> _Provided material_:
>>>
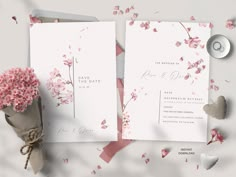 the wedding stationery is laid out on top of the table with pink flowers in vases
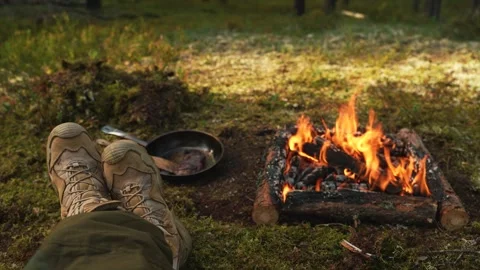 A man in tactical boots sits next to a fire in the woods. View of legs and fire. Video stock 249194994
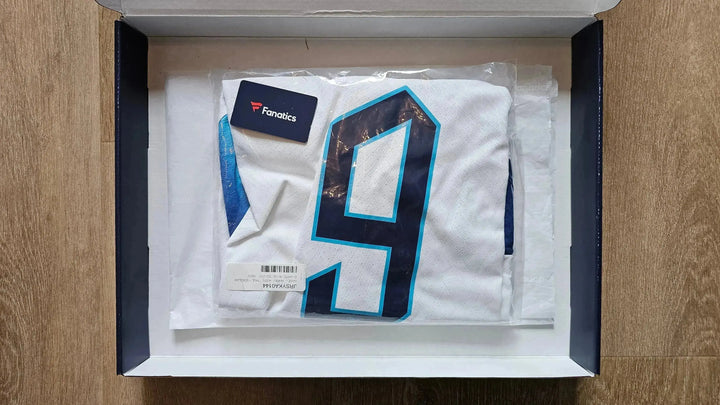 Front view of a signed soccer jersey featuring No. 9 and the Fanatics tag.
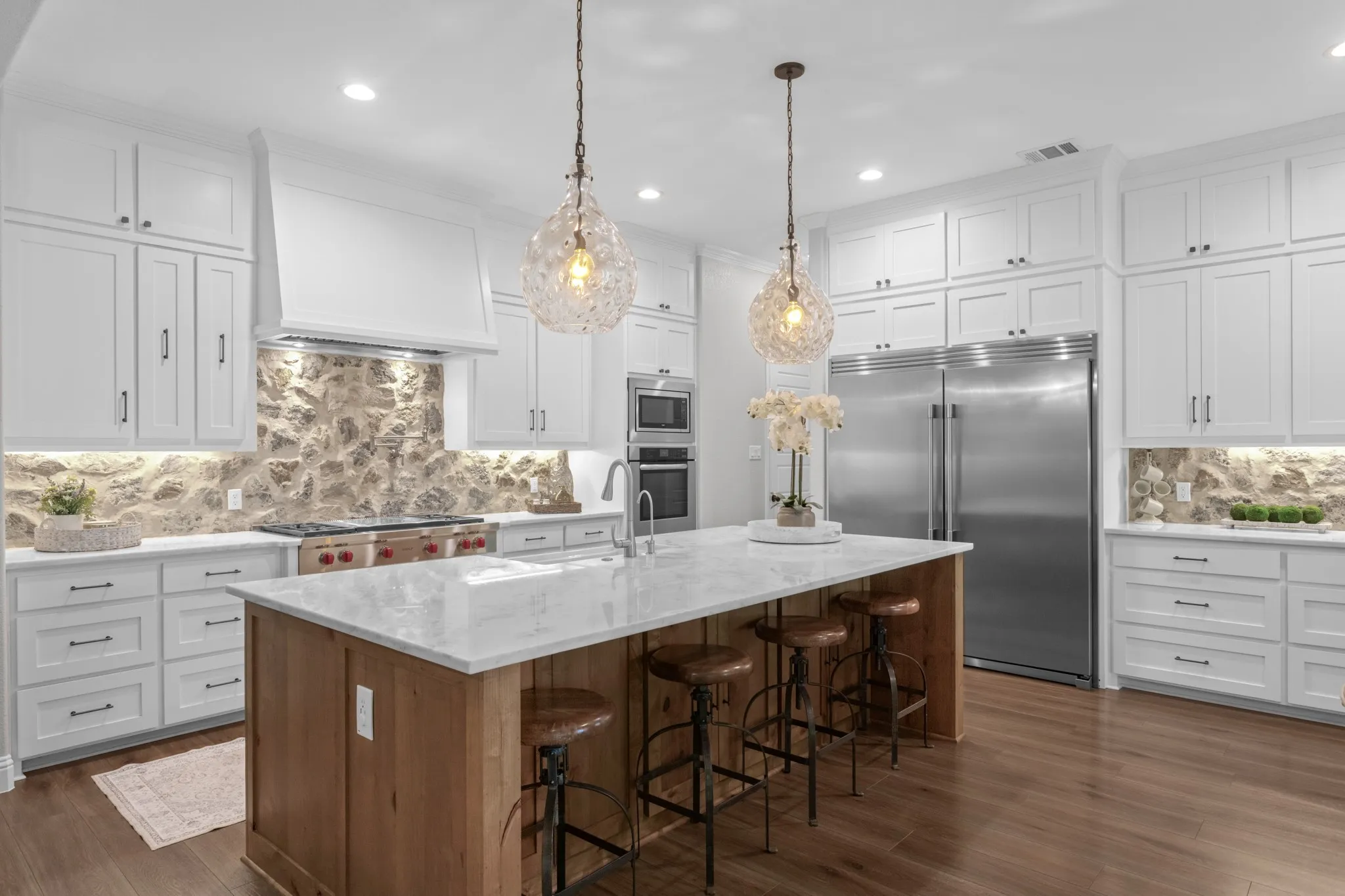 The spectacular kitchen features floor-to-ceiling cabinetry, an oversized island, butlers & walk in pantry, special-order quartz countertops, real-cut stone backsplash, farmhouse sink, commercial-style faucet, pot filler, double convection ovens & premium appliances.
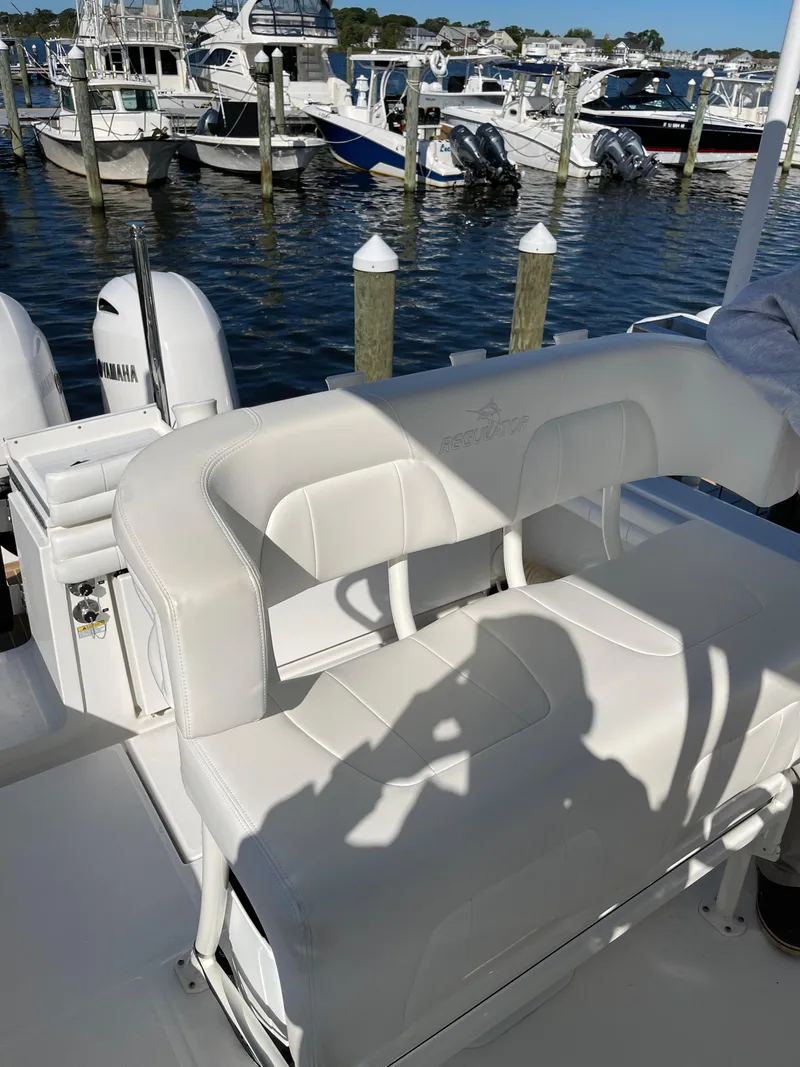 Slide: The Image of 2019 Regulator 23 FS boat interior with white seating at marina. - 14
<<<
> _The problem_: Quote precisely the lines of the data from the line containing "A man in tactical" through its final line, both included, excluding pictures.

> _Your solution_:
 A man in tactical boots sits next to a fire in the woods. View of legs and fire. Video stock 249194994
 Front view of a signed soccer jersey featuring No. 9 and the Fanatics tag.
 The spectacular kitchen features floor-to-ceiling cabinetry, an oversized island, butlers & walk in pantry, special-order quartz countertops, real-cut stone backsplash, farmhouse sink, commercial-style faucet, pot filler, double convection ovens & premium appliances.
 Slide: The Image of 2019 Regulator 23 FS boat interior with white seating at marina. - 14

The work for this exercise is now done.